O escriba ou Sofer escreve à mão, seguindo um modelo para não se enganar. Utiliza uma tinta preta especial, a melhor e mais duradoura, que não se apaga facilmente e resiste ao desgaste do tempo. O pergaminho é dividido em páginas contendo quadrados, e as linhas são cuidadosamente riscadas com um estilete. Um erro comum pode ser apagado; porém, se for no nome de D’us, é considerado um pecado grave em qualquer circunstância e a página inteira deverá ser retirada e enterrada.

A estrutura do texto da Torá

Neste texto não há nenhuma vogal. As palavras são formadas somente de consoantes, sem nenhuma pontuação, o que torna a leitura bastante difícil, fazendo-se necessária uma boa preparação para aprender a ler e cantarolar corretamente. Não há nada que assinale o ritmo ou a passagem de um ritmo a outro; pontos e vírgulas são totalmente ausentes. O fluxo dos vocábulos só é interrompido quando houver alguns espaços em branco, sem nenhum texto escrito. O texto contido entre dois espaços em branco é chamado de Parashá, ou “passagem”. A separação entre os 5 livros da Torá é marcada por um espaço de quatro linhas.

A comunidade da Síria segue as leis de Rambam na escrita do Sefer Torá.

As letras da Torá devem ser embelezadas pelos taguim e cada coluna da Torá (com algumas exceções) deve começar com a letra Vav (chamado vavei amudim).

Certas letras são ornadas de pequenos floreios, chamados de coroas. Sete das vinte e duas letras do alfabeto hebraico são ornadas, do lado esquerdo de três pequenos traços chamados Taguim (Tag, no singular) ou Ketarim (Keter, no singular), que significa “coroas”.

Para compreender o sentido destas coroas, deve-se salientar outro ponto relacionado às letras do alfabeto hebraico. O Rabino Tsadok Hakohen, de Lublin, especifica a diferença essencial entre a maneira de escrever os caracteres hebraicos e os latinos. Trata-se da posição da letra em relação à linha diretriz. Na escrita latina, as letras se apóiam sobre uma linha inferior, enquanto que na escrita hebraica, a letra está pendurada, suspensa à linha superior.

A linha diretriz é o limite da escrita; tem um sentido simbólico, porque traça o limite entre a escrita e o “além da escrita” - o conteúdo profundo da palavra. Nota-se que nenhum corpo das vinte e duas letras do alfabeto hebraico ultrapassa este limite. Na verdade, quase nenhuma, pois há uma única exceção, a letra Lamed.

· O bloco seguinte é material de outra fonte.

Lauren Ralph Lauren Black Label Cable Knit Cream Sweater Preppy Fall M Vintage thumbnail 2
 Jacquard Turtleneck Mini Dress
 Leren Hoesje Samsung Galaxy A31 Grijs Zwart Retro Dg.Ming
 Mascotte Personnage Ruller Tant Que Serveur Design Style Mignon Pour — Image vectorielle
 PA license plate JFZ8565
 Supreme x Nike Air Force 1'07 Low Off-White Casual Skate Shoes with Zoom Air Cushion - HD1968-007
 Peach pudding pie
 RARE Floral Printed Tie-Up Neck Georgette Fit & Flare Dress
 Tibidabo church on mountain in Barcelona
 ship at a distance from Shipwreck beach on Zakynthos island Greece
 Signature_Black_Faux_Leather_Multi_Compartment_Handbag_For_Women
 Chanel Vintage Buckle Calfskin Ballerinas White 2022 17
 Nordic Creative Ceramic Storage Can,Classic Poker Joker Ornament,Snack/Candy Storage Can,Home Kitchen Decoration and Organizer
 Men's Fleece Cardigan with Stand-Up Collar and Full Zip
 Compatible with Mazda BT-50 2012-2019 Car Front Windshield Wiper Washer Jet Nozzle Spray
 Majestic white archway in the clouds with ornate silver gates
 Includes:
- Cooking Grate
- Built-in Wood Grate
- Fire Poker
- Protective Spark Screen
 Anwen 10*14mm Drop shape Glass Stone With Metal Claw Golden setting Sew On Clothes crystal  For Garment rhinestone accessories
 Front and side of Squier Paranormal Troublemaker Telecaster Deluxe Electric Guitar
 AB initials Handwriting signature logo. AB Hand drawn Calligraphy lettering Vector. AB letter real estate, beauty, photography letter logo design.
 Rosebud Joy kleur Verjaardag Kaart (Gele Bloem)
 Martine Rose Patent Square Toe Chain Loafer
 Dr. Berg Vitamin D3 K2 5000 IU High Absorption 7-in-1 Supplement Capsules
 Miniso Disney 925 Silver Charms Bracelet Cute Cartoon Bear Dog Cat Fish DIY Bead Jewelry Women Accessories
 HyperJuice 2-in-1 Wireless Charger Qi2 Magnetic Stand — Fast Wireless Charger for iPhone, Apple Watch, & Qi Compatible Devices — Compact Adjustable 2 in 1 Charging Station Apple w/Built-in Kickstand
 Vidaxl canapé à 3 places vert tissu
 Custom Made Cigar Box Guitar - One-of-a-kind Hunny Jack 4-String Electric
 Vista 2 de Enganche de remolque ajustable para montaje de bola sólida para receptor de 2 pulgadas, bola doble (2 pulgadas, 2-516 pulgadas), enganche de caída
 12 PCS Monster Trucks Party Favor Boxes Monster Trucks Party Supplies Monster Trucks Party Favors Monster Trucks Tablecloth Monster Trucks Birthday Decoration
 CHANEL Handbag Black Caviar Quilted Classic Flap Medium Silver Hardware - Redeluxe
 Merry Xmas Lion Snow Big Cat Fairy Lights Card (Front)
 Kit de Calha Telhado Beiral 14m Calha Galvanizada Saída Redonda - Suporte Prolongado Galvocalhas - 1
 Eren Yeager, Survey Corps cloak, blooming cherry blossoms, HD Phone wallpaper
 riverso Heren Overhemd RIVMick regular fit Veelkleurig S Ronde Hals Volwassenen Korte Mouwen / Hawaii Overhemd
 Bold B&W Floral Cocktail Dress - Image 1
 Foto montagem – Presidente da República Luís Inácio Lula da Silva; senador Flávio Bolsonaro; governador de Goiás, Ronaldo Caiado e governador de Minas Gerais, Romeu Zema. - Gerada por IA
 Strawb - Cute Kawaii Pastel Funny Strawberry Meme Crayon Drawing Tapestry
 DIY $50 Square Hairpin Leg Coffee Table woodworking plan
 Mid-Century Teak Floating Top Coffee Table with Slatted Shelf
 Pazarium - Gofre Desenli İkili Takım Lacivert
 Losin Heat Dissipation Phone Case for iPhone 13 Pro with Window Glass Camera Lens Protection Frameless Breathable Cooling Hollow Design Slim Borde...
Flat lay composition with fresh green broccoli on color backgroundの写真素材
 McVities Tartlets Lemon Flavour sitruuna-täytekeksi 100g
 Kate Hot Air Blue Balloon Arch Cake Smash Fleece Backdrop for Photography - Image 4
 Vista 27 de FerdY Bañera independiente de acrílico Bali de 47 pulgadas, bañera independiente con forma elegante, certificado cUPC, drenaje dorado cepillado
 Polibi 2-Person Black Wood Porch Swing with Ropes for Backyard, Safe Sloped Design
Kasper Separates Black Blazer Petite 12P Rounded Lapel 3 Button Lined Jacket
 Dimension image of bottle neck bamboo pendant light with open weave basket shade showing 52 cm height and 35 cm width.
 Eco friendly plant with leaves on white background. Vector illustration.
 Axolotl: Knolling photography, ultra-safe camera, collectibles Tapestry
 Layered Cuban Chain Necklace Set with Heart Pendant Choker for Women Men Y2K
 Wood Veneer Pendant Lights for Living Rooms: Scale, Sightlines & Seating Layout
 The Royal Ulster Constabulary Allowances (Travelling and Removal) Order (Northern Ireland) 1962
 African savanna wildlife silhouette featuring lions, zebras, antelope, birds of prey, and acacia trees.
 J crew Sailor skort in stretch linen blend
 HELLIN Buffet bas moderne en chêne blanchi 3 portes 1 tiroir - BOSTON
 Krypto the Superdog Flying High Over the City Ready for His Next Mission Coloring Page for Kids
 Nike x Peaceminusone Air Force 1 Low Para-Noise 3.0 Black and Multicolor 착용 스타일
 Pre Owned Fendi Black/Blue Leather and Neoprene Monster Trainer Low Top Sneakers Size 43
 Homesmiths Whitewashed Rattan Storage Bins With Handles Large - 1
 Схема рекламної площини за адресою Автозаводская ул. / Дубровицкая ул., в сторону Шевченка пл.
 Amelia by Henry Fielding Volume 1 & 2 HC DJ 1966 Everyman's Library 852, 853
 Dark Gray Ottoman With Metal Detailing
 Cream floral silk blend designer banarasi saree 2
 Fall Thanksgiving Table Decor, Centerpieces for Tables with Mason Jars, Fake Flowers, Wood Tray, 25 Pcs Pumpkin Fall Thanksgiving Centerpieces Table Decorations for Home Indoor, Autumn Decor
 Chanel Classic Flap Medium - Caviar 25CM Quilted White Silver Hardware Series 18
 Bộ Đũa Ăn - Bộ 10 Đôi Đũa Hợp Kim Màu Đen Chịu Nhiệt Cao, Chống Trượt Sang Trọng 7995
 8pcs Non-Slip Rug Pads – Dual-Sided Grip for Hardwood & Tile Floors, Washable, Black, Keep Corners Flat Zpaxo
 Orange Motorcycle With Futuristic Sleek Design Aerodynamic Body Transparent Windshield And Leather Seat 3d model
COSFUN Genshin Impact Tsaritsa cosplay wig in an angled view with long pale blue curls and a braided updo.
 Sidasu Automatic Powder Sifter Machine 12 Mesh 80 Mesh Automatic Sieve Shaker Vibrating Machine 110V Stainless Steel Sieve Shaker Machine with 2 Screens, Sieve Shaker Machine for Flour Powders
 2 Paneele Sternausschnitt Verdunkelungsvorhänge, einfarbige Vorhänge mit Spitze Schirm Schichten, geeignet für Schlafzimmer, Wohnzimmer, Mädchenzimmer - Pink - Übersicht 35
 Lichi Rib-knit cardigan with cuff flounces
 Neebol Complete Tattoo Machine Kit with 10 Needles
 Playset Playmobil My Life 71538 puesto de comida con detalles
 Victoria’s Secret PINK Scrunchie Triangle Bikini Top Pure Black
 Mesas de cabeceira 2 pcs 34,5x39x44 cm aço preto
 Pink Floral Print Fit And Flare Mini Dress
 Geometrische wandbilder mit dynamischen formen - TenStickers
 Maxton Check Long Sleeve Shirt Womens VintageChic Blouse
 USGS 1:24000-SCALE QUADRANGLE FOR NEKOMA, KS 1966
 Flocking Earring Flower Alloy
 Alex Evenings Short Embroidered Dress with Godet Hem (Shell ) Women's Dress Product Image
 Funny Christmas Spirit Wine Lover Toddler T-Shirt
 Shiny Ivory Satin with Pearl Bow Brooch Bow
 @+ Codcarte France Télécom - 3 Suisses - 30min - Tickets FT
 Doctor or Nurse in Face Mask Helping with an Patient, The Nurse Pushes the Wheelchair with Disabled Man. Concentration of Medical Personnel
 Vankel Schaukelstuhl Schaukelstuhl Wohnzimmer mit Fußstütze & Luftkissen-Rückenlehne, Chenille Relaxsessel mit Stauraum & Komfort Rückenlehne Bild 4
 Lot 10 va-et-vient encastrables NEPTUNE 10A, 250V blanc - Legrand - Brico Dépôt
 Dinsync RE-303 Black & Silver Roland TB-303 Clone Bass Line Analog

Lamed é a raiz semântica de tudo que é relacionado ao estudo e ao ensinamento. Este ensinamento está contido no significado da própria letra Lamed, “aprender”. Aprender é penetrar neste movimento que ultrapassa a linha da escrita, é ir “além do versículo”. Lamed significa “estudar”. Desta letra, vem a palavra Talmud, livro chave do pensamento judaico. No Talmud, encontra-se a chave da sabedoria, mas o verdadeiro saber somente é atingido através de muita perseverança, questionamento e dedicação.

Um dos seiscentos e treze mandamentos da Torá é escrever um Sefer Torá ou tornar possível a publicação de um livro religioso de estudo. Assim, é comum encontrar nomes de pessoas ou famílias que contribuíram com a edição de um livro na primeira ou última página deste. Certas comunidades se cotizam para escrever um livro da Torá, comprando uma letra, um capítulo ou uma porção inteira.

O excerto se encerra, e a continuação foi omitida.